Komil Allamjonov, the head of the state agency for information and mass communication, has now indicated that government is holding RFE/RL’s local service, Ozodlik, at arm’s length over concerns that it has purportedly violated journalistic ethics.
“Questions are raised by Ozodlik’s one-sided and prejudicial editorial policies. [The broadcaster] tends to a considerable degree to publish tendentious and often inaccurate material, which ultimately misleads the public and global audiences in general,” Allamjonov said in a May 20 post on Facebook.
Ozodlik has for many years served as the main source for independent news about Uzbekistan, despite its reporters being denied accreditation as a matter of course. With the cautious opening-up that followed in the wake of President Shavkat Mirziyoyev’s rise to power, RFE/RL has sought to register a local bureau. In June 2018, RFE/RL editor-in-chief Nenad Pejic met with Allamjonov for talks about the broadcaster’s future in Uzbekistan. Those overtures have largely been rebuffed, forcing the radio to continue operating below the radar, however.
Allamjonov’s reference to “one-sided” coverage has echoes of the language routinely deployed in the days of the late President Islam Karimov, when this argument was used as justification for denying accreditation to reporters for international outlets. The Foreign Ministry has latterly begun granting accreditation to more international media, including Eurasianet, albeit only for renewable six-month periods.

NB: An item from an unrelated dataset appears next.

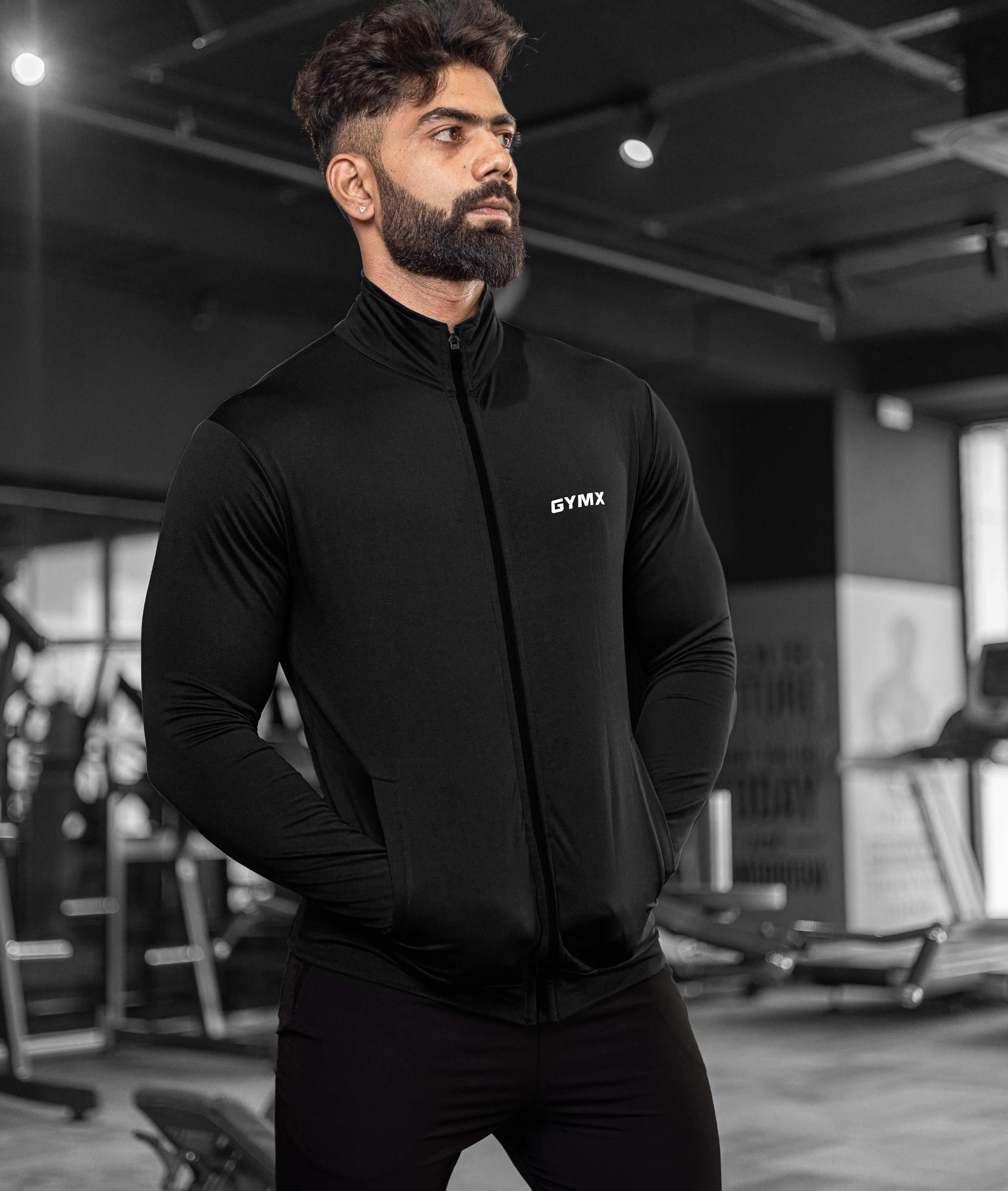 Velocity GymX Thumbhole Jackets: Jet Black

A potentially more worrying broadside against Ozodlik has come from local peers. Daryo.uz, a popular news website, ran a report on May 16 alleging that Ozodlik has resorted to underhanded means in the course of its reporting.
The article includes an audio file purporting to document how two Ozodlik reporters introduced themselves to interview subjects over the telephone as employees of the security services. Daryo.uz claims the reporters did not identify themselves as Ozodlik reporters, but instead provided false names.

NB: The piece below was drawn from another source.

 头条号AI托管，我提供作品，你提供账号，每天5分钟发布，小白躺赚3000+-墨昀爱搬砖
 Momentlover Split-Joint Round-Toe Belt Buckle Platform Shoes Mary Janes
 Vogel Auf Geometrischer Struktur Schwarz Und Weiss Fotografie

A spokesperson for RFE/RL said the broadcaster is “reviewing claims, as we always do, when we receive any allegations about our journalism.”

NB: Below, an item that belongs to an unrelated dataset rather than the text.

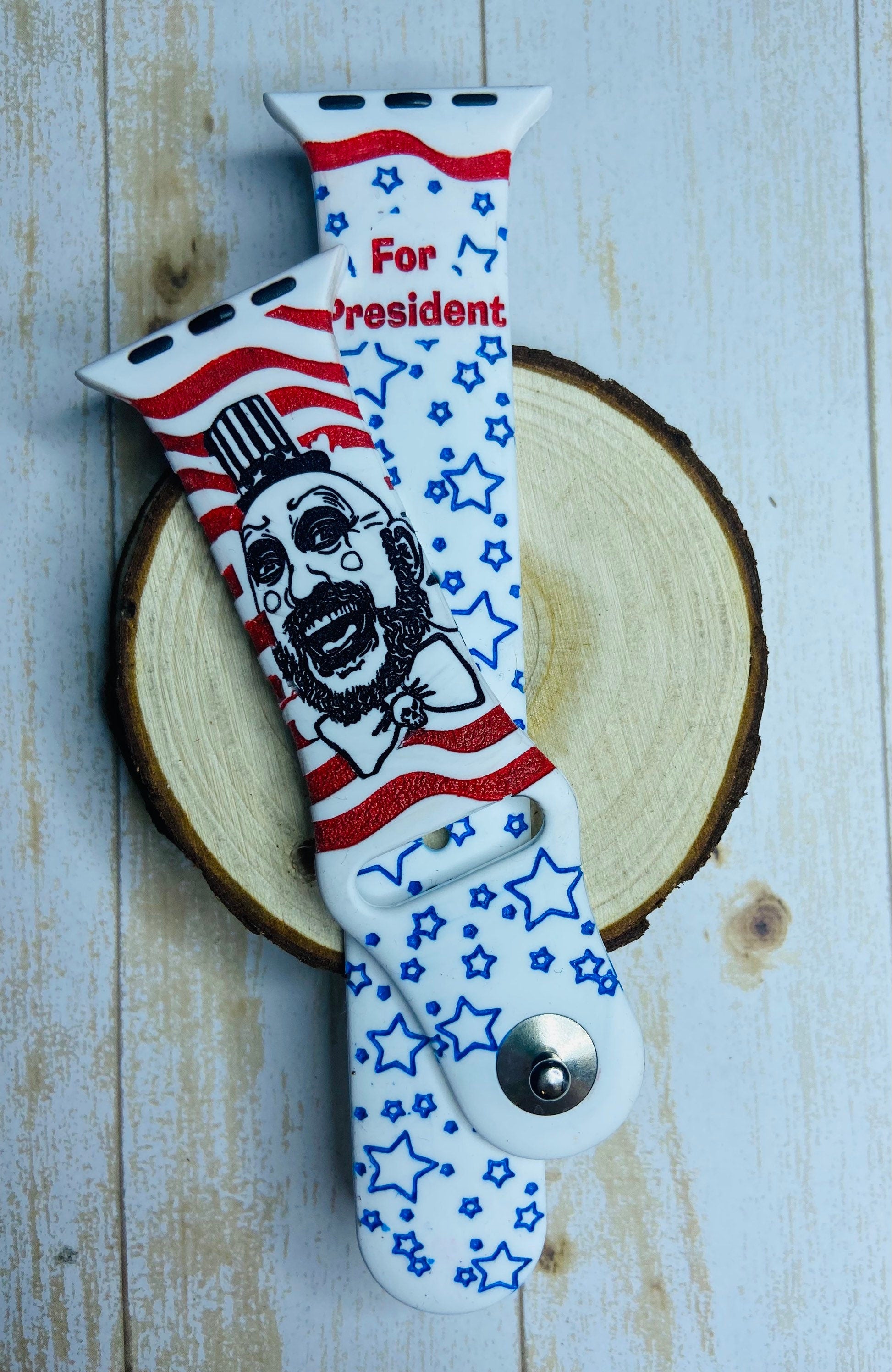 Engraved  smart Watch band, Samsung, Fitbit versa 2, American flag, stars, red, white, blue, scary clown, Captain Spaulding,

Earlier this month, the Uzbek authorities lifted their unacknowledged ban on almost a dozen websites, including Eurasianet, Voice of America, Fergana News, Human Rights Watch and the BBC’s Uzbek service. Although Ozodlik remains inaccessible, the English-language site of RFE/RL could be opened on May 21.
When commenting on this development, Allamjonov volunteered a spurious explanation, claiming that “certain technical issues” had come to light after the OSCE Representative on Freedom of the Media, Harlem Désir, last month wrote to remind Uzbekistan of its international commitments to a free press. In his statement, Désir noted that the government has no clear set of rules for determining if a website should be blocked.
In fact, the government of Uzbekistan in September adopted rules under which websites can be banned. The decision may go into effect following the assessment of a monitoring unit and a verdict by a state expert committee. The specific case-by-case motivations appear, however, to be largely arbitrary and subjective.